As concurrency increases, there’s a point at which the server reaches its peak
throughput. After that, the throughput levels off and often starts to decrease. More
importantly, the response time (latency) starts to increase.
To see why, consider what happens when you have a single CPU and the server
receives 100 requests simultaneously. One second of CPU time is required to process
each request. Assuming a perfect operating system scheduler with no overhead,
and no context switching overhead, the requests will need a total of 100 CPU seconds
to complete.
What’s the best way to serve the requests? You can queue them one after another, or
you can run them in parallel and switch between them, giving each request equal time
before switching to the next. In both cases, the throughput is one request per second.

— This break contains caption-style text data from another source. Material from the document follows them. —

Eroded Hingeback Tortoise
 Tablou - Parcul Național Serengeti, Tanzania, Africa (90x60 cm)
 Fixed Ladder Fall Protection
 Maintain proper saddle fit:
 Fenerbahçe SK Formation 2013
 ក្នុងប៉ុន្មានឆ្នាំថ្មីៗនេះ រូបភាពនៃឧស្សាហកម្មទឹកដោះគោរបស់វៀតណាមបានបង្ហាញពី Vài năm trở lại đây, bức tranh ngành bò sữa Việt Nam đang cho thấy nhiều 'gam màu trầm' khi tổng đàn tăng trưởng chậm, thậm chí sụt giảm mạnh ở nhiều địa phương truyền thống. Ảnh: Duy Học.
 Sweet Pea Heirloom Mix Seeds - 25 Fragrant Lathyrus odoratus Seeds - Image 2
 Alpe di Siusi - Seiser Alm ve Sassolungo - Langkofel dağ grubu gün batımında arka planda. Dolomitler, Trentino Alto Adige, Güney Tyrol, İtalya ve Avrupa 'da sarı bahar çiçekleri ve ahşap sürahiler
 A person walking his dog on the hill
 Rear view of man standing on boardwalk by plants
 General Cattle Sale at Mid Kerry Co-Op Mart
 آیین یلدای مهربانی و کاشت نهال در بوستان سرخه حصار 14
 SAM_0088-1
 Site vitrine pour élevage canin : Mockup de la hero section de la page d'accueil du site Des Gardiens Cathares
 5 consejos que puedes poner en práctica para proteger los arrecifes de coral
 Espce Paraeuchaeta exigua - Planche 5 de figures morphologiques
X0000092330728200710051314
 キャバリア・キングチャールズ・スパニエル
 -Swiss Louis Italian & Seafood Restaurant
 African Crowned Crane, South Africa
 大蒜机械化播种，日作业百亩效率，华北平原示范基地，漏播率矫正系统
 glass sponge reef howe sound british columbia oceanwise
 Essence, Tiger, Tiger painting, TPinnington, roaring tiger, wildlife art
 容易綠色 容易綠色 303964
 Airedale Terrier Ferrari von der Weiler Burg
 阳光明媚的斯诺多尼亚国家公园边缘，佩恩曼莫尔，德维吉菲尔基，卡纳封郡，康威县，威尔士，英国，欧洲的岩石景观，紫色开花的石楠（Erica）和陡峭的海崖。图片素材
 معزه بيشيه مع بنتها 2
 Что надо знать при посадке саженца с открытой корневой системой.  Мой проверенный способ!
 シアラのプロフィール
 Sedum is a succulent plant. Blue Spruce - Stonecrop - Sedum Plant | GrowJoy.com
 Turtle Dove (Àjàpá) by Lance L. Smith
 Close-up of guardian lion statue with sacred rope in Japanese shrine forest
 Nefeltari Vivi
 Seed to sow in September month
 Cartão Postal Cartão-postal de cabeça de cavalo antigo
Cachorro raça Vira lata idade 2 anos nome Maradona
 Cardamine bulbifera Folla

However, the average latency is 50 seconds if they’re queued (concurrency = 1), and
100 seconds if they’re run in parallel (concurrency = 100). In practice, the average
latency would be even higher for parallel execution, because of the switching cost.
[Ideally]For a CPU-bound workload, the optimal concurrency is equal to the number of
CPUs (or CPU cores).
[Normally]However, processes are not always runnable, because they
make blocking calls such as I/O, database queries, and network requests. Therefore,
the optimal concurrency is usually higher than the number of CPUs. [That's why we are able to add more threads to handle concurrent requests]
You can estimate the optimal concurrency, but it requires accurate profiling.
[Conclusion:]It’s usually easier to experiment with different concurrency values and see what gives the
peak throughput without degrading response time.